Some studies have also investigated social feedback in Human–Robot Interaction (HRI). In the context of robot-assisted training, no difference was found between flattering, positive, and negative verbal feedback in terms of physical performance or trust [18]. However, social feedback was shown to impact participants’ decisions related to energy consumption, with a stronger effect when the robot provided negative feedback [19]. Participants also exhibited higher acceptance for a robot-instructor when it provided positive feedback [20] and lower social trust toward a robot who blamed them in a collaborative game [21]. While many studies focused on verbal robot feedback, people also heavily rely on non-verbal cues to infer other’s trustworthiness [22]. For instance, gaze following from a human face was found to increase subjective trust [16]; an effect that was modulated by the valence of the non-social feedback received about participants’ performance. In HRI, previous studies showed that non-verbal behavior had an impact on participants’ trust toward robots as implicitly measured through their choices during economic games [22, 23]. Nevertheless, how robots’ non-verbal feedback may affect human decision processes and subjective trust remains understudied and poorly understood.

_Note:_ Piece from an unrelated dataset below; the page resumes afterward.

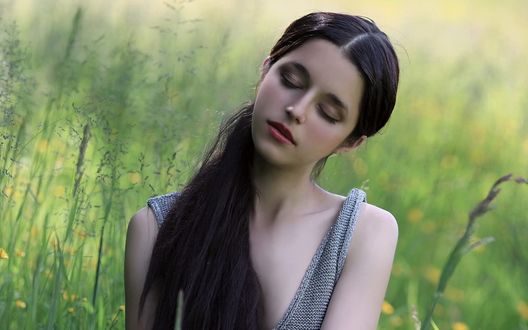 Обои на рабочий стол Девушка на фоне природы, by Agnieszka Lorek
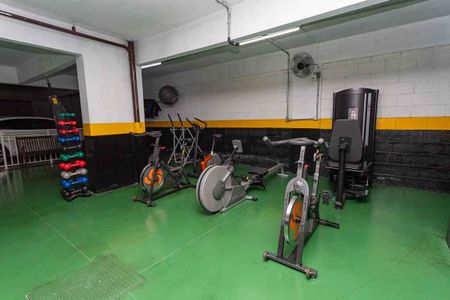 Apartamento à venda com 112m², 3 quartos e 2 vagas Apartamento à venda com 112m², 3 quartos e 2 vagasÁrea comum - Academia 24h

Whether people respond similarly to social feedback from humans and robots is likely to depend on the human-likeness of the robot. Studies reported higher levels of trust toward robots with more anthropomorphic appearance [24, 25]. Mathur and Reichling [26] suggest that trust follows an “Uncanny valley”-like curve where machines that look too much like humans are perceived as less trustworthy. However, a recent systematic review – which did not include the latter studies – found no clear evidence that trust changed as a function of robots’ appearance [27]. Furthermore, it is likely that in real-time interactions, the quality of the behavior displayed by the robot, not just its appearance, play a role in how much humans trust it. Previous studies showed that exhibiting more non-verbal cues elicited higher trust toward the robot [22, 23, 28]. Yet, it remains unclear how trust could be influenced by the human-likeness of such non-verbal socio-affective behavior.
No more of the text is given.